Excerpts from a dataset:
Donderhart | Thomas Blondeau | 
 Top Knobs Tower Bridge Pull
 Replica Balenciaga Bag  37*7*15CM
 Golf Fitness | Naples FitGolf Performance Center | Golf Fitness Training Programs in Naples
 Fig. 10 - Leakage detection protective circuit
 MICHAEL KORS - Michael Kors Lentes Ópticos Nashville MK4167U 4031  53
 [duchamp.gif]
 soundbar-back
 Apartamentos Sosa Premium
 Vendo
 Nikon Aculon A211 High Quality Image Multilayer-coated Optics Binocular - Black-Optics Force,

» Work task: Your job is to write out the data exactly as it stands.

» Exercise output:
Donderhart | Thomas Blondeau | 
 Top Knobs Tower Bridge Pull
 Replica Balenciaga Bag  37*7*15CM
 Golf Fitness | Naples FitGolf Performance Center | Golf Fitness Training Programs in Naples
 Fig. 10 - Leakage detection protective circuit
 MICHAEL KORS - Michael Kors Lentes Ópticos Nashville MK4167U 4031  53
 [duchamp.gif]
 soundbar-back
 Apartamentos Sosa Premium
 Vendo
 Nikon Aculon A211 High Quality Image Multilayer-coated Optics Binocular - Black-Optics Force,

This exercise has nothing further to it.